> **Activity**
Exclude the pictures and reproduce exactly the lines that run from the one holding "Satake Нож Satake" to the end of the entries below.

> **Source data**
########
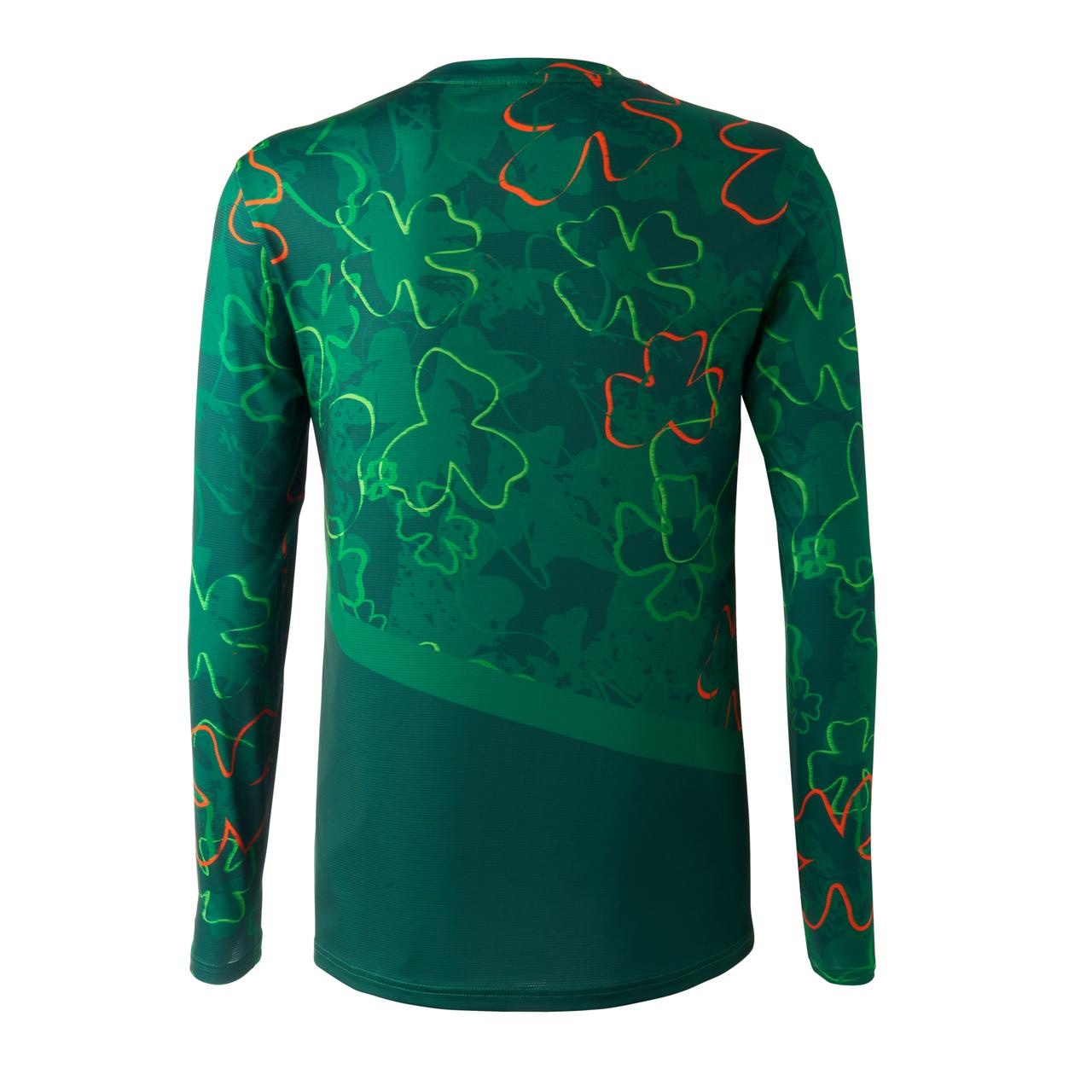 Men's Printable Running Long Sleeve - 2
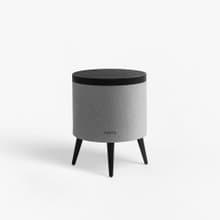 Wow Table 藍牙音樂桌 - Black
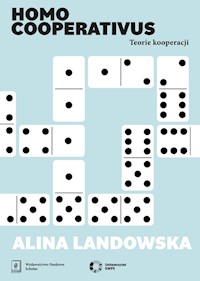Homo cooperativus - Landowska Alina - książka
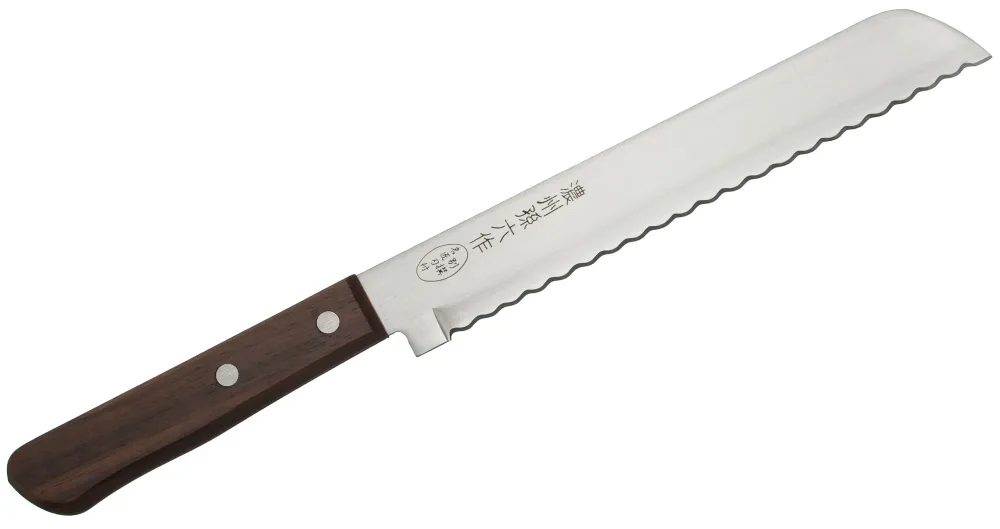 Satake Нож Satake Tomoko 20см для хлеба 803-762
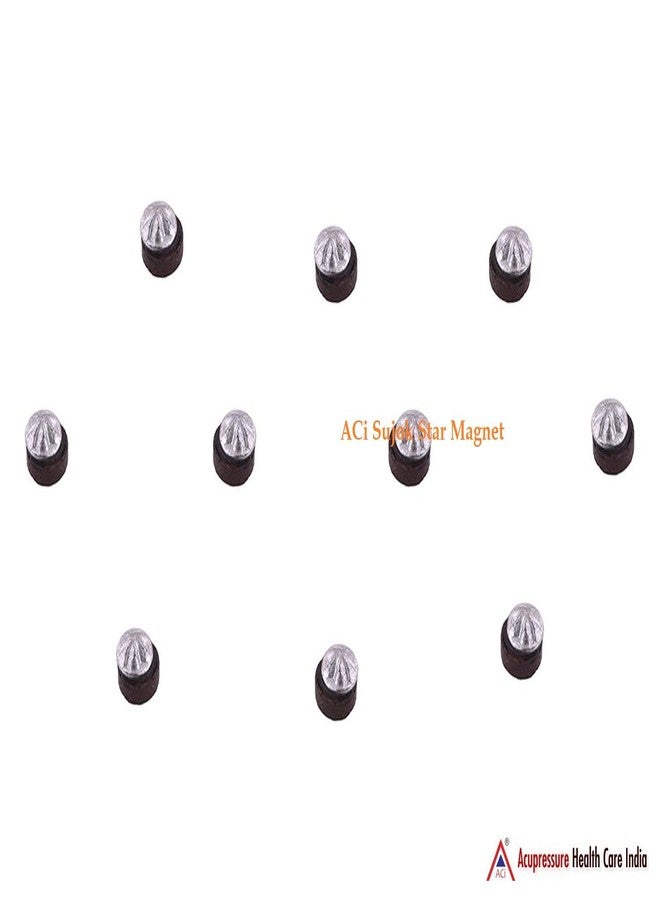 ACi Acupressure Sujok Therapy Kit (Byol Magnet 40pcs + Star Magnet 40pcs + Paper Tape 2pcs) - Image 3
########
> **Solution below**
 Satake Нож Satake Tomoko 20см для хлеба 803-762
 ACi Acupressure Sujok Therapy Kit (Byol Magnet 40pcs + Star Magnet 40pcs + Paper Tape 2pcs) - Image 3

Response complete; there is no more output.